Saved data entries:
+++++
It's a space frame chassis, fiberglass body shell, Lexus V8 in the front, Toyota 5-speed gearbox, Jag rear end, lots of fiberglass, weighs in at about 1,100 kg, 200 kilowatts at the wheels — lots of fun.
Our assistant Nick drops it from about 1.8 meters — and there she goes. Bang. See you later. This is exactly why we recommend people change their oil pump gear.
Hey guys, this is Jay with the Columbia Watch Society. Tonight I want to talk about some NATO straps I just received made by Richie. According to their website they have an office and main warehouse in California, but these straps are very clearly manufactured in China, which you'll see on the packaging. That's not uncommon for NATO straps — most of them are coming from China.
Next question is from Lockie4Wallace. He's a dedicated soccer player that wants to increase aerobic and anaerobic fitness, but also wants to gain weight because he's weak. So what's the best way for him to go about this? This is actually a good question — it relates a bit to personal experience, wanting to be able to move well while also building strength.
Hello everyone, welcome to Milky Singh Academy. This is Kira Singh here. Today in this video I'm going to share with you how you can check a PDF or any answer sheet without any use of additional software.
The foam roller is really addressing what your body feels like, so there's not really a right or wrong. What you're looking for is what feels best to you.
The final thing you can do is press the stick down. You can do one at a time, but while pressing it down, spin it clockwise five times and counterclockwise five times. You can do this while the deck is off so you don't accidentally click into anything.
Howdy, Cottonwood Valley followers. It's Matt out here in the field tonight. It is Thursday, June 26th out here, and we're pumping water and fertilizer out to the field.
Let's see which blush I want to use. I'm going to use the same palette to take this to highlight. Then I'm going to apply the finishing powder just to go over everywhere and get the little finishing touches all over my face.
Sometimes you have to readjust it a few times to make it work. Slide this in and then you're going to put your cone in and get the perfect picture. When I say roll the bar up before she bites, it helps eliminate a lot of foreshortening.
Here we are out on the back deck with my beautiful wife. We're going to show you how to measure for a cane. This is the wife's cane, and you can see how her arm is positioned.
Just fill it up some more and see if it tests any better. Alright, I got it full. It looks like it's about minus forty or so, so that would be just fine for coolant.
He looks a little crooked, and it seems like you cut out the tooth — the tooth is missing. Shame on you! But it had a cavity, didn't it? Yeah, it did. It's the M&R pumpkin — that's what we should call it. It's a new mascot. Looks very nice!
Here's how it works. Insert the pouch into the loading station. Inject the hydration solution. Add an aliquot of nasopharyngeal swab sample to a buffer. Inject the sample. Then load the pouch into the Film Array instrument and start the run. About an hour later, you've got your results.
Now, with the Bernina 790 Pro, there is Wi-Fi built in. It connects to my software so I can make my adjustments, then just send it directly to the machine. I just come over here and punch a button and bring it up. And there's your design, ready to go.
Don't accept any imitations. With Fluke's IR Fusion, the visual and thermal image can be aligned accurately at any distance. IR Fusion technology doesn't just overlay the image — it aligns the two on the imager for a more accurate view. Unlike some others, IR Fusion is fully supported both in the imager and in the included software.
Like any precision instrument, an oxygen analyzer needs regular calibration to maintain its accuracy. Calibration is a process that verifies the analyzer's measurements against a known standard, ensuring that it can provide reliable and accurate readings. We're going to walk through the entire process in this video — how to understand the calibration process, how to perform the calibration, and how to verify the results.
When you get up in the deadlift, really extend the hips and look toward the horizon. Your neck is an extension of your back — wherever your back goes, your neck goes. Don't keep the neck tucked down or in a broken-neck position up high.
+++++
PROBLEM DETAILS: Every line with "have" in it should be copied from the entries above.

REPLY:
Hey guys, this is Jay with the Columbia Watch Society. Tonight I want to talk about some NATO straps I just received made by Richie. According to their website they have an office and main warehouse in California, but these straps are very clearly manufactured in China, which you'll see on the packaging. That's not uncommon for NATO straps — most of them are coming from China.
Sometimes you have to readjust it a few times to make it work. Slide this in and then you're going to put your cone in and get the perfect picture. When I say roll the bar up before she bites, it helps eliminate a lot of foreshortening.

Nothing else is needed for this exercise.